Amy Sprague
January 3, 2023
A&A researchers are developing a film evaporation experiment under a new grant from CASIS and the NSF.
A&A fluids doctoral student Andrew Jansen picked the right dissertation topic on film evaporation at the right time. He is researching film evaporation under faculty advisers Dana Dabiri and Jim Hermanson using 3D Particle Tracking Velocimetry (PTV). Andrew will be using that experience to set up film evaporation experiments and observations on the International Space Station and parallel research down on earth with schlieren visualization, ultrasonic gauging, and PTV under a grant from the Center for the Advancement of Science in Space (CASIS) and the National Science Foundation.
Andrew became fascinated with heat transfer research in his undergraduate studies and the related study of film evaporation when he arrived at A&A for his master’s. “You get these weird things happening on a microscopic level with the varying density creating repeated complex patterns breaking down into other repeated patterns as the liquid evaporates. It’s quite amazing, and we don’t quite understand it.”
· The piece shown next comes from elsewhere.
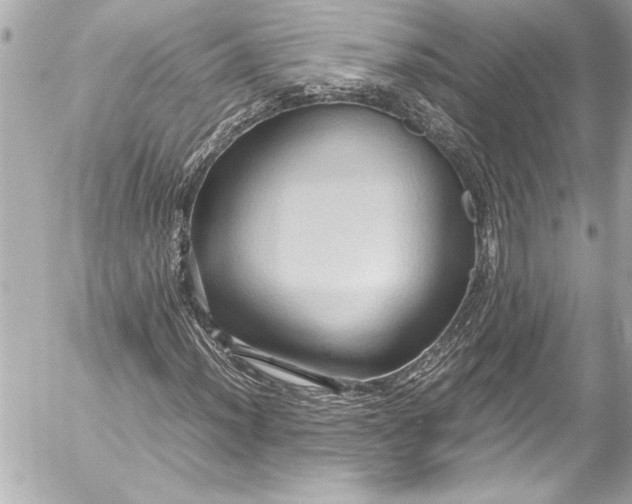 X0000054471012200508191722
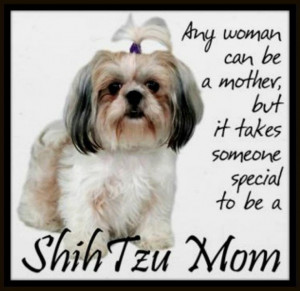 prOud Shih Tzu mOm! :) I was,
Now, for this project funded by CASIS and the National Science Foundation, Andrew will be developing a pair of connected test chambers to study film evaporation in the microgravity environment of the ISS.
Why study film evaporation?
Liquid films have many practical uses including adhesives, coatings and cooling applications, specifically in semiconductor manufacturing. Knowing exactly how a film evaporates and the resulting patternation and heat transfer is crucial to improving these, and many other, practical applications.
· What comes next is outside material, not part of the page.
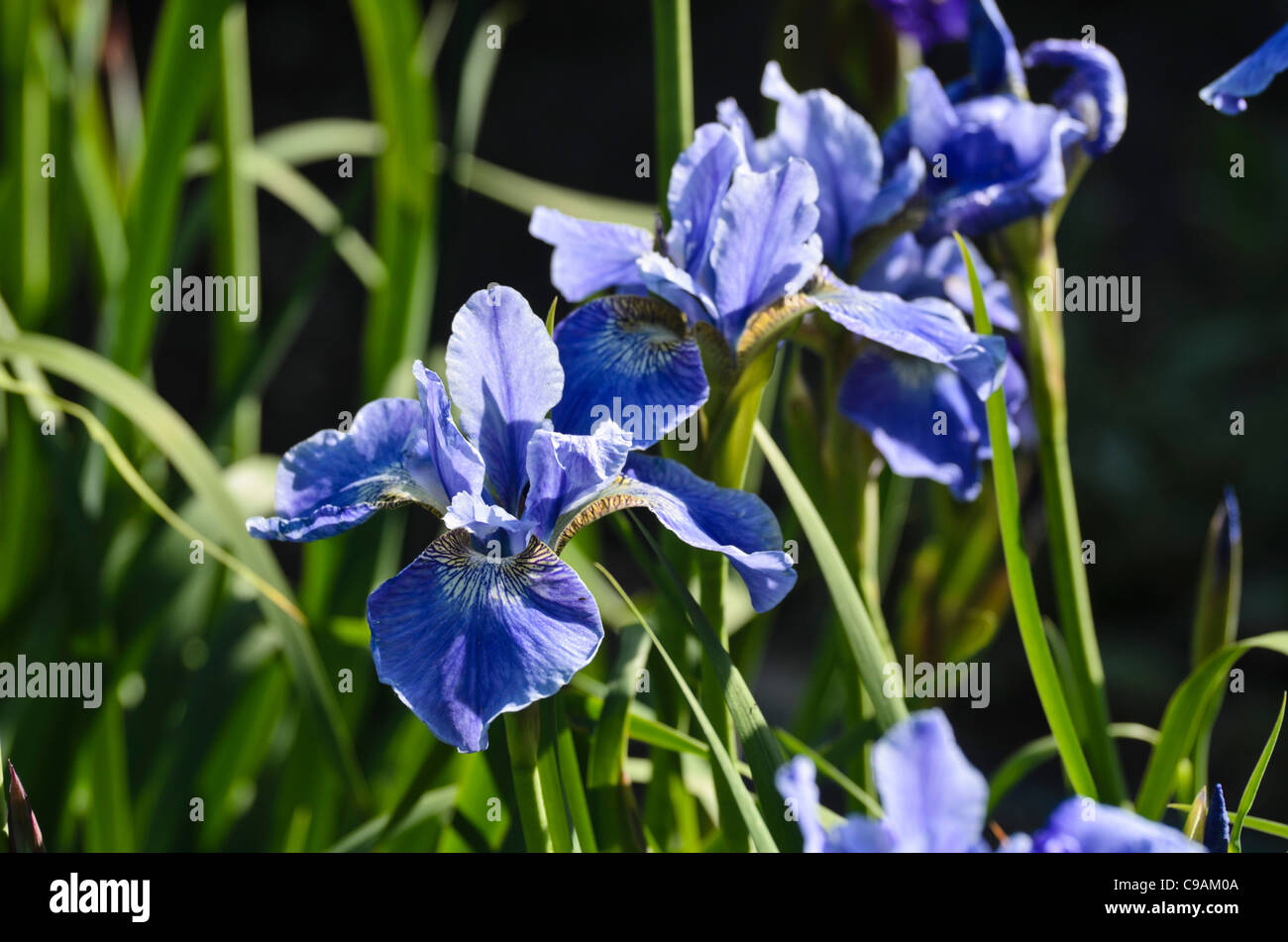 Siberian iris (Iris sibirica Stock Photo Alamy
Principal Investigator Professor Hermanson explains why studying film evaporation in the microgravity of the International Space Station is important. “Conducting experiments in microgravity essentially turns off the forces due to gravity so we can study other effects. In the case of evaporating films, testing in microgravity removes buoyancy due to heating the film, allowing the study of other important phenomena, such as the effects of surface tension and mass loss, not easily studied on earth.”
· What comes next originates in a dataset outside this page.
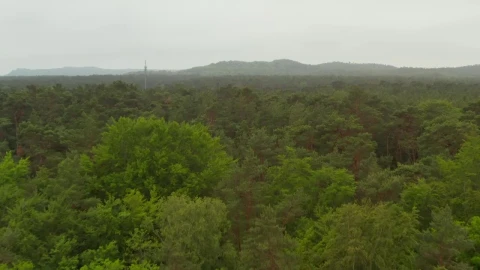 Stock Video Huge Forest Full Of Green Trees And Mist Aerial Animated Wallpaper - Free Live Wallpaper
He continues, “We’re trying to discern the convective structures in the evaporating film that develop in normal- versus microgravity. We use ultrasound to measure the film thickness with time, which gives the rate of evaporation and the heat transfer. We are also working on visualizing the flow structure in detail.”
Microgravity, gravity and modeling for both
While A&A will be prototyping the experiment for the ISS, the company Space Tango will be advancing the prototype into the actual hardware to fly to the ISS, and the Multi-Scale Technologies Institute at Michigan Tech University will be developing detailed numerical modeling of the expected film evaporation behavior under both normal- and microgravity conditions.
The numerical modeling will use the results of the experiments to reveal additional important physical information not easily measured, such as the temperature variation at the surface. And while Space Tango’s hardware will be relaying data from the microgravity of the ISS, A&A’s prototype will be performing similar experiments down on earth. The three partners together are creating a system to isolate gravity as a factor in film evaporation.
“Flying an experiment on the ISS is a big deal and takes years of detailed design, testing of components, and meeting stringent safety and operational requirements.”
The payoff
When asked what the most exciting aspect of this project was, Andrew doesn't hesitate. “Sending something to the ISS is not that common, and it’s definitely a challenge because you have much stricter design guidelines – things you have to consider – and you have to be very diligent and careful. It’s a fun challenge.”
Professor Hermanson echoes Andrew’s enthusiasm: “Flying an experiment on the ISS is a big deal and takes years of detailed design, testing of components, and meeting stringent safety and operational requirements.” Because of all of the rigor to get the experiments, modeling and test beds set up correctly, we can expect to see our A&A hardware on the ISS in 4 years.
And with an eye toward replicating this process in the future, Professor Dabiri says, “Our goal is to be able to set up the foundations for implementing these experiments on the ISS, and it is most exciting to be able to use one of the most novel measurement methods in fluid mechanics, 3D-PTV, to help reveal flow physics associated with film evaporation under various conditions.”